Country: U.S.A.
Genre(s): Crime
Director: Mervyn
LeRoy
Cast:
Edward G. Robinson / Douglas Fairbanks, Jr. / Stanley Fields
Plot
Charismatic tough guy Rico Bandello rises from stickup gunman to crime
lord of Chicago’s North Side on ambition and intimidation, as the police and
his rivals work to bring him down.
What I Liked
Perfect casting doesn’t get any more perfect than Edward G. Robinson’s
getting picked from near obscurity to play the quintessential gangster movie
anti-hero, Rico “Little Caesar” Bandello.

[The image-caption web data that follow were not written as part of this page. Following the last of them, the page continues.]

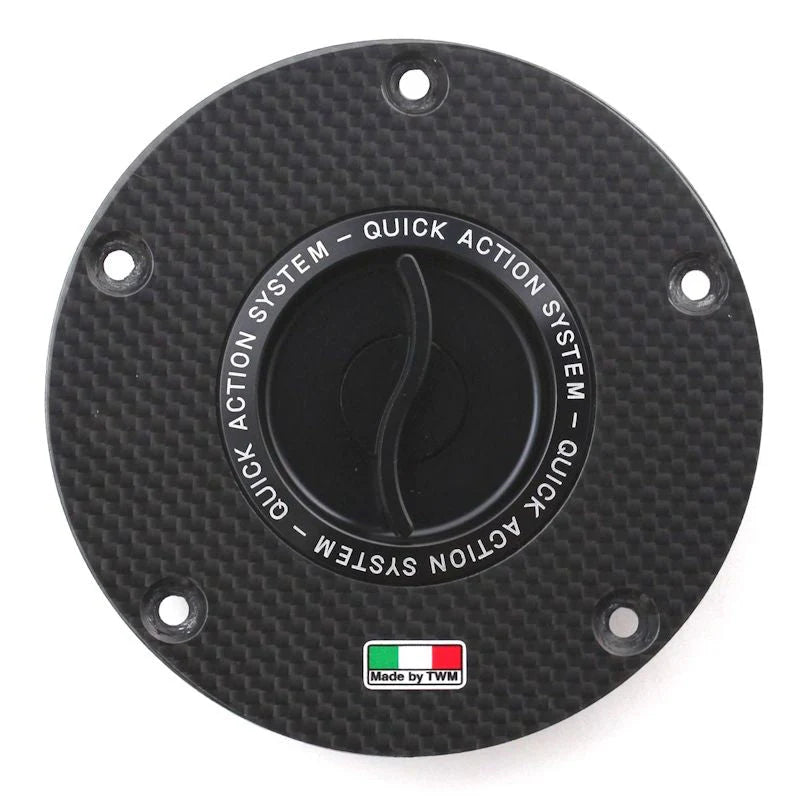 TWM Quick Action Carbon Fiber Gas Cap For Diavel V4 - Black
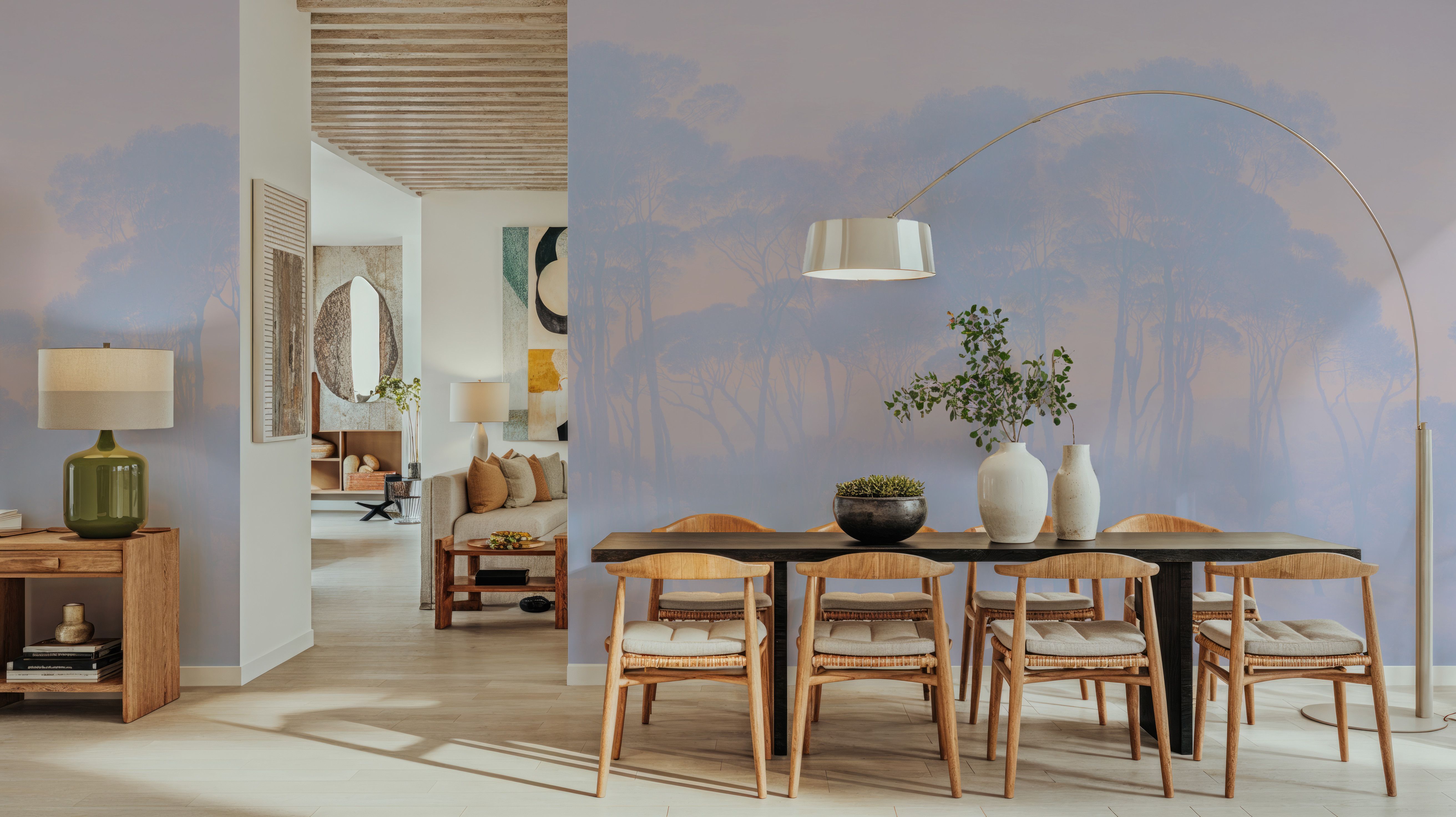 Mediterranean Pine Landscape, Periwinkle, Wallpaper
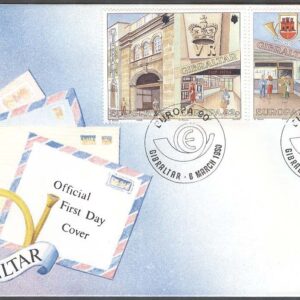 Gibraltar – FDC 1990-03-06 – Europa CEPT 1990 Postbyggnader, 2 st par kpl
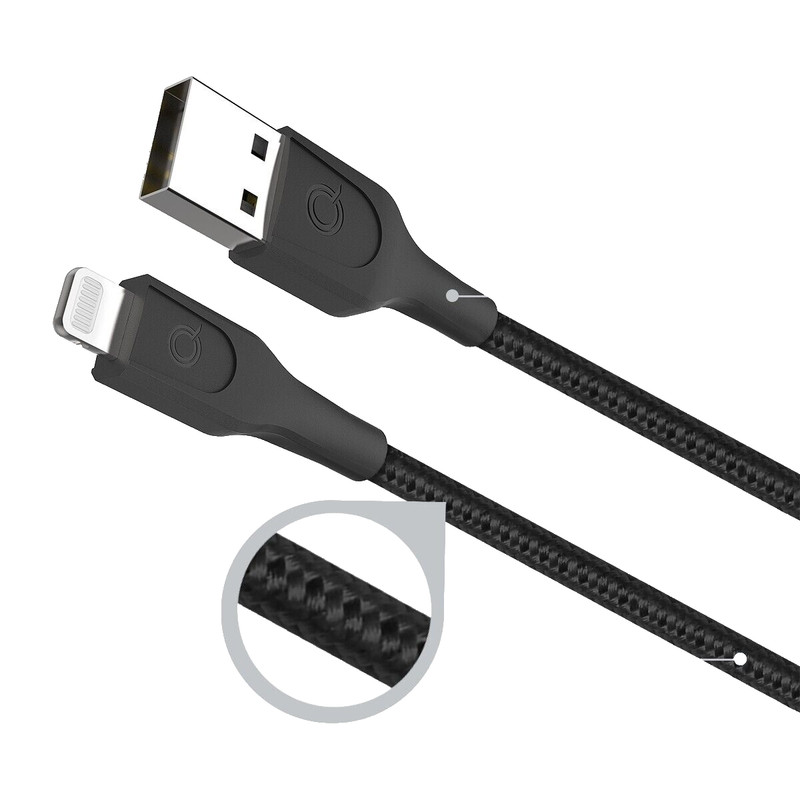 QUIKCELL 6ft FAST CHARGE CABLE APPLE USB-A BLACK(NEW IN RETAIL BOX gallery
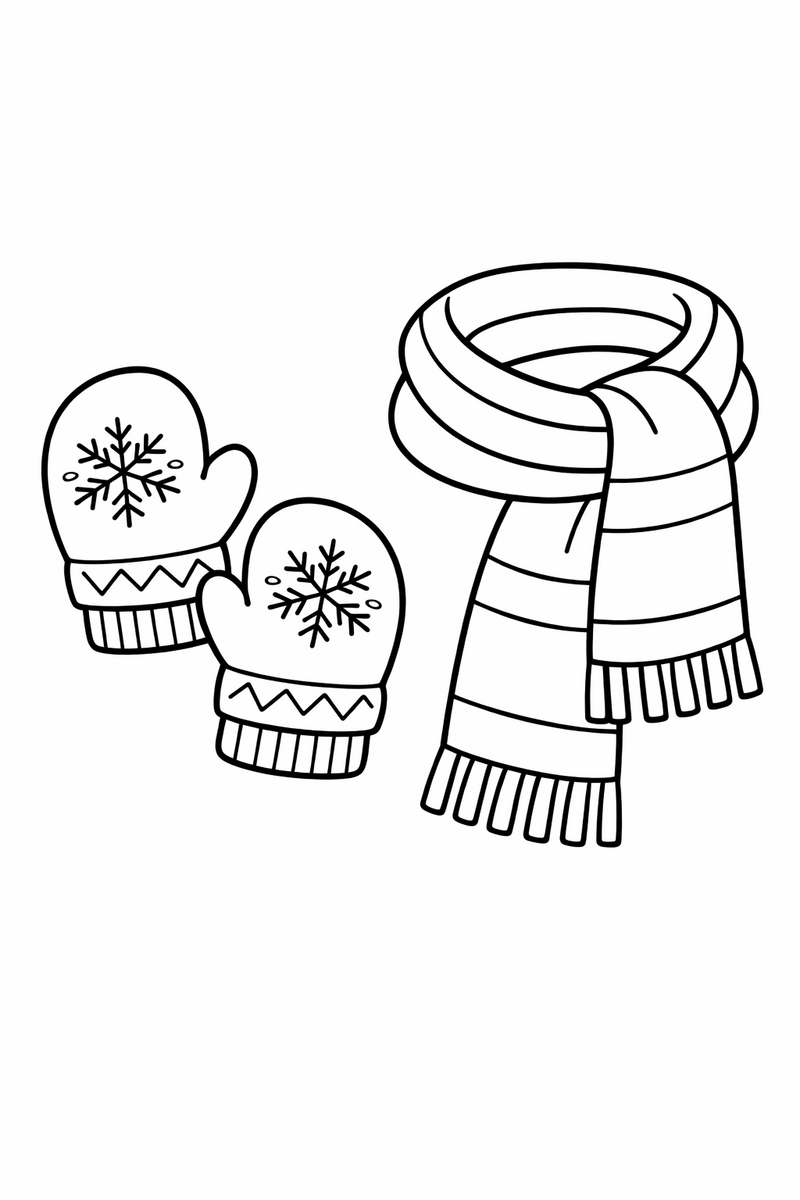 Mittens and a Scarf coloring page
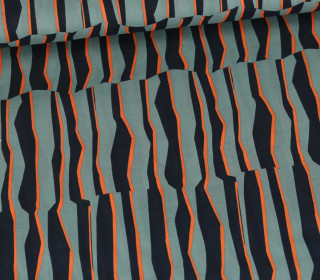 Baumwolle - Webware - Voile - Geometric - Altgrün
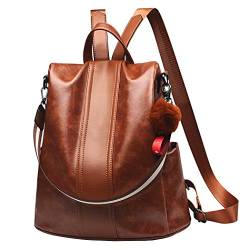 shepretty Damen Rucksack Anti Diebstahl Umhängetasche Leder, 3-888Braun von shepretty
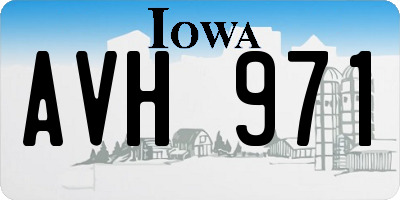 IA license plate AVH971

From his facial resemblance to the reigning Chicago crime kingpin Al
Capone, to his trademark sneer, to the machine-gun-fire pace of his streetwise
banter and gestures, Robinson created the blueprint for virtually every
gangster lead to appear in American films for multiple generations to
come. Sure, eventually the persona
became an oft-parodied cliché, but that was years down the road and had less to
do with Robinson’s performance than it did with later actors imitating it and
failing. In 1931, Robinson’s Bandello
was regarded as fresh, captivating, and frighteningly authentic. Even all these years later, the ferocity he
gives Rico lends the movie a dazzling excitement that is lacking in even the
best films of the same period. Robinson
is one of my favorite actors of the 1930s to the 1950s and this is his most
iconic performance.
The character of Little Caesar wasn’t the only element of the movie that
was so definitive. “Little Caesar” is far
from the first gangster picture to be made, but it was the first to put all of
the elements we now recognize as defining the genre into a single package. Aside from the charismatic-if-demented
anti-hero lead, “Little Caesar” explores the hierarchical nature of organized
crime, it’s perversion of liassez-faire capitalism, and also presents the
police (typically hero figures in other films) as being almost as unscrupulous
as the so-called bad guys. Perhaps more
important than all of that, it marked the debut of the Thompson Sub-Machine gun
in motion pictures. Not really used as often
in urban gangsterism as Hollywood would have us believe (they were too damned
expensive), the gun was nonetheless a wonderfully loud and destructive weapon that
electrified audiences at the dawn of the sound era. Kicking off a spate of gangster pictures that
would thrill Depression-era moviegoers (“Public Enemy,” “Scarface,” “Angels
with Dirty Faces,” “The Roaring Twenties”), “Little Caesar” remained the undisputed
benchmark against all gangster films would be measured until the release of “The
Godfather” more than forty years later, and for good reason.
What I Didn’t Like
As compelling as Robinson’s performance was, he was bogged down by some
less than dynamic co-stars. Particularly
hard to endure is Thomas Jackson as police Sgt. Flaherty, Rico’s ultimate
nemesis. The character of Flaherty is
clearly designed to be a foil for Rico, as obsessive and maniacal as the crime
boss, but without his charisma.
Apparently Jackson took this to mean he should play the role as the cop
were a robot. His lifeless performance and
his awkwardly phrased dialogue might have been intended to give Flaherty some
kind of Depression-era grittiness, but just falls horribly flat. Several other characters are dismally cliché (handsome
and dashing Joe Massera and Igor-like Otero, for example) but one gets the
sense this had less to do with the performances of the actors, who do the best
they can with the material, than it does with the lack of imagination in
scriptwriters. Not so with Thomas
Jackson.
Most Memorable Scene
*spoiler alert!*
“Mother of mercy, is this the end of Rico?!?” It’s a bullet-riddled and somewhat puzzling final scene that
remains the most quoted and referenced moment of the movie. But I think there’s another that probably has
more to do with the film’s impact and continued resonance. As the film reaches its climax, a now wealthy
and successful Rico confronts his old friend Joe, who rebuffs his offer to join
his gang and flees the scene. The camera
then zooms in from a low vantage point on sneering gangster chewing his cigar
and standing resplendent in a dapper suit at the top of the steps in his extravagant
penthouse, alone but clearly wrapped in the trappings of power. He is silent but murderous thoughts are
aflame in his eyes. It’s the perfect image
of the Hollywood gangster, the image to which every filmmaker and actor who has
ever made a gangster movie since has aspired.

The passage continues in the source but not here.